La Cité de Dieu, Paulo Lins, traduit du portugais (Brésil) par Henri Raillard, Gallimard Folio, 2003, 571 p. [Cidade de Deus, Companhia das Letras, 1997]
Dans la cité de Dieu, favela tentaculaire de Rio de Janeiro, nous suivons le parcours chaotique de Dam, Le Piaf et Ze Rikiki depuis les années 60 jusqu’aux années 80, entre délits à la petite semaine et grand banditisme.
Ces enfants trop vite endurcis et ces adolescents trop tôt aguerris à la violence jouent à des jeux dangereux avec leurs copains et leurs rivaux.

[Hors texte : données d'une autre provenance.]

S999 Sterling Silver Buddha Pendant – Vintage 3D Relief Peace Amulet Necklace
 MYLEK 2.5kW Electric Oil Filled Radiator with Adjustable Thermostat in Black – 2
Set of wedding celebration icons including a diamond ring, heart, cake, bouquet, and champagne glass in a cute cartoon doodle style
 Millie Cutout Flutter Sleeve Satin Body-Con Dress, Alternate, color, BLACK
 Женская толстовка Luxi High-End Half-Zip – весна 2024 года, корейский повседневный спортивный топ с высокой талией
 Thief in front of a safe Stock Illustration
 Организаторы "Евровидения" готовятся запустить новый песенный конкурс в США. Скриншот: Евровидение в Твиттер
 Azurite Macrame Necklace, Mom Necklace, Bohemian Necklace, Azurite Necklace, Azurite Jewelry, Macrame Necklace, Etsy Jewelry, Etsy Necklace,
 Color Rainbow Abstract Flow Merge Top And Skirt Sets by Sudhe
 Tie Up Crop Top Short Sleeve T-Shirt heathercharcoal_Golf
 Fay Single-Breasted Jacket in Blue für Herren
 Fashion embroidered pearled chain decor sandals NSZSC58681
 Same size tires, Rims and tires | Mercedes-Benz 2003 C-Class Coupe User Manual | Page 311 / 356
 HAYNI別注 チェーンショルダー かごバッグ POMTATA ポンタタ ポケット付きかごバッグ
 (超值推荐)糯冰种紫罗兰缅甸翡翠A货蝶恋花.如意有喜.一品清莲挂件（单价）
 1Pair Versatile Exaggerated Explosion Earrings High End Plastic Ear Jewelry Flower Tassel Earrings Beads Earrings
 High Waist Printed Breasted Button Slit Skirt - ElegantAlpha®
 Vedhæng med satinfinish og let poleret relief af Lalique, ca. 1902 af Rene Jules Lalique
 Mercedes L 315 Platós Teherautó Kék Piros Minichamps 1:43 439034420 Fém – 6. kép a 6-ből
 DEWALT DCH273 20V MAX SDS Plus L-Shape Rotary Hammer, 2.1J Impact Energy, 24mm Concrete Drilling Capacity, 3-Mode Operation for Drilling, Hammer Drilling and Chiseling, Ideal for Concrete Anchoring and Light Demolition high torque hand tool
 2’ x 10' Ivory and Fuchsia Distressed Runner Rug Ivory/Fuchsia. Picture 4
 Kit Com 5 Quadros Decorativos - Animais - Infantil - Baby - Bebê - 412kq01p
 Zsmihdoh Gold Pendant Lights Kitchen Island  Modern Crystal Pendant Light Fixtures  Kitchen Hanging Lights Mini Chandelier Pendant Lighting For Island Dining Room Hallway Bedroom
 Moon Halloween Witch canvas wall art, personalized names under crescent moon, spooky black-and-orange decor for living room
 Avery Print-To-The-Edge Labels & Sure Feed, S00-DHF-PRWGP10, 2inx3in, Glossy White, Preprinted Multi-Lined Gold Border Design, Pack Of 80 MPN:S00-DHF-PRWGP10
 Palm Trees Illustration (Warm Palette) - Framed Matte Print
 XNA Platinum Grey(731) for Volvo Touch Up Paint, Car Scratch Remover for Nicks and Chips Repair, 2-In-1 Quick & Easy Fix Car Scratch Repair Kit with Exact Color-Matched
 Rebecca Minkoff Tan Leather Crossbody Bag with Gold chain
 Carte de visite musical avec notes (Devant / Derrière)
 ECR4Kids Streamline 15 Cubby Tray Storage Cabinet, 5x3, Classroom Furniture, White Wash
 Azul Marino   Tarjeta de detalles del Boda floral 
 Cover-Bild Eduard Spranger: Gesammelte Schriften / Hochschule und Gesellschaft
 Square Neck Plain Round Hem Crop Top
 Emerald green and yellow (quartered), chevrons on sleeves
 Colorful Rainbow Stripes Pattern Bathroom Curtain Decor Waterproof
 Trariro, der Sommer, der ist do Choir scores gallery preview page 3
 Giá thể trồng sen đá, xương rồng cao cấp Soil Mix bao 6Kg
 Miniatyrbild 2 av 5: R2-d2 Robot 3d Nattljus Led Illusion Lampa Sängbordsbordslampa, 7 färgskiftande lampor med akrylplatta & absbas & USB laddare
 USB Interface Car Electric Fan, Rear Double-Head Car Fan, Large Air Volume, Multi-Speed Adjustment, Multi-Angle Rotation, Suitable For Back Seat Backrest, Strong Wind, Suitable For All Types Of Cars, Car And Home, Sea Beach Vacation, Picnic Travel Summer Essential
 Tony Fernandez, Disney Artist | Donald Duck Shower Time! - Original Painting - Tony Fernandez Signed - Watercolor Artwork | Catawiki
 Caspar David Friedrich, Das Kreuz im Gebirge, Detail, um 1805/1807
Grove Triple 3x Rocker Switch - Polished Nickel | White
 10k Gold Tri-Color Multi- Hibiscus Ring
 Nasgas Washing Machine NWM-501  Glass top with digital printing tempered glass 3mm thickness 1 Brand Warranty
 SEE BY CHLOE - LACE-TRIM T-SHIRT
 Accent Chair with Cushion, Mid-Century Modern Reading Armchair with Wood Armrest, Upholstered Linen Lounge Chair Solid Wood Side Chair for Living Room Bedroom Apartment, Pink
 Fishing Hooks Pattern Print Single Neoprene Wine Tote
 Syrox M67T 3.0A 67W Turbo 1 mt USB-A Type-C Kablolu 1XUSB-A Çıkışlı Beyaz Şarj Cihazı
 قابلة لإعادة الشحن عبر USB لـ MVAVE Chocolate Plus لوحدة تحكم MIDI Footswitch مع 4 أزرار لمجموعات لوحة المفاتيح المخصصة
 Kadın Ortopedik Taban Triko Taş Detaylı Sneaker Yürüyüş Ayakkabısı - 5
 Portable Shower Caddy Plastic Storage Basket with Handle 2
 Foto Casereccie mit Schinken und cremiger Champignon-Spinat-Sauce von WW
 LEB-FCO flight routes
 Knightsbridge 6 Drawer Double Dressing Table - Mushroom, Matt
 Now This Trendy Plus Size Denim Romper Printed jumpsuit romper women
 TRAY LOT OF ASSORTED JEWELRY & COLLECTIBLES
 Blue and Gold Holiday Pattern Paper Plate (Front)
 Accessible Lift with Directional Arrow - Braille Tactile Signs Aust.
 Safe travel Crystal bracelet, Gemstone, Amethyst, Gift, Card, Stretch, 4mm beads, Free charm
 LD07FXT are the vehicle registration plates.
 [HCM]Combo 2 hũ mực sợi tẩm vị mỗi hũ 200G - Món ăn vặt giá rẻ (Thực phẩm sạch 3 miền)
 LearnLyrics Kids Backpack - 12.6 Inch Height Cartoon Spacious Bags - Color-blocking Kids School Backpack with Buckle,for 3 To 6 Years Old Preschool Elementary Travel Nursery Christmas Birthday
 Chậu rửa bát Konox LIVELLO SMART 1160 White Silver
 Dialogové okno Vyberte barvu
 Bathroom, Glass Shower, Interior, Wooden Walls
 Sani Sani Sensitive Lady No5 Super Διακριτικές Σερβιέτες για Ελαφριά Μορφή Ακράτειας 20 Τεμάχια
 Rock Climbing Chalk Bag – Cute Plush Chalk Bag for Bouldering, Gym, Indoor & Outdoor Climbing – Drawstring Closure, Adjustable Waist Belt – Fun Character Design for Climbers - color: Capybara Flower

Les bidonvilles cariocas ne leur offrent guère d’horizons, hormis la samba, le football, la débrouille et la déglingue. Dans la cité de Dieu, les bouches à foin – ces lieux où l’on s’approvisionne en drogues – promettent les paradis artificiels et construisent des tombeaux.
Comme tant d’autres, Canard, Marteau, Z’Yeux verts et P’tite Orange s’adonnent à des parties de cache-cache dangereuses, parfois fatales, avec la police. Celle-ci prend les traits du crapuleux Notre-Tête-à-Tous, flic corrompu jusqu’à la moëlle et assoiffé de vengeance. On craint cependant moins les forces de l’ordre que Iemanja, déesse de la Mer qui emporte les marins.
Le récit, à l’image des existences, se veut cru et désenchanté. Les scènes, à la violence indicible, difficilement supportables, sont servies par une écriture fébrile et une narration chirurgicale. Main sur la bouche, les yeux se ferment parfois sous le poids de l’horreur. À d’autres moments du récit, il est vrai, le rythme effréné ralentit pour laisser place à des descriptions presque poétiques.
On se perd facilement dans les rues de la cité de Dieu. Le foisonnement de personnages, virevoltants parfois le temps d’un éclair (de balle), complique à l’occasion la lecture. On se laisse pourtant embarquer dans le feu du récit. On tourne la page, espérant la lumière au bout du tunnel. On souhaite connaître les soubresauts de toutes ces petites destinées. En un mot, on s’attache.
Le livre de Paulo Lins a été publié en 1997. L’écrivain a investigué pendant huit années sur le crime organisé et le trafic de drogue au sein de la favela, faisant de son roman une analyse quasiment sociologique. L’auteur, né en 1958, a lui-même vécu dans les entrailles de la cité de Dieu à partir de l’âge de sept ans. Le gouvernement brésilien avait alors décidé de déménager les bidonvilles du centre de Rio de Janeiro plus à l’ouest, pour les dissimuler aux yeux du monde. En 2000, près de 40 000 personnes vivaient encore sur les 120 hectares de la favela.
Pour l’anecdote, par suite des plaintes de quelques caïds, les noms des protagonistes ont été modifiés pour préserver leur anonymat. L’adaptation du roman au cinéma en 2002, avec le même titre, et l’excellente série intitulée « La cité des Hommes » qui s’attache à suivre Acerola et P’tite Orange, ont assis le succès de l’œuvre. Elle reste une référence en la matière.
Avec La Cité de Dieu, la boîte de Pandore des favelas a été ouverte. A l’abri des regards, dans un recoin obscur de la cité de Dieu, se cache, ensommeillé, l’espoir.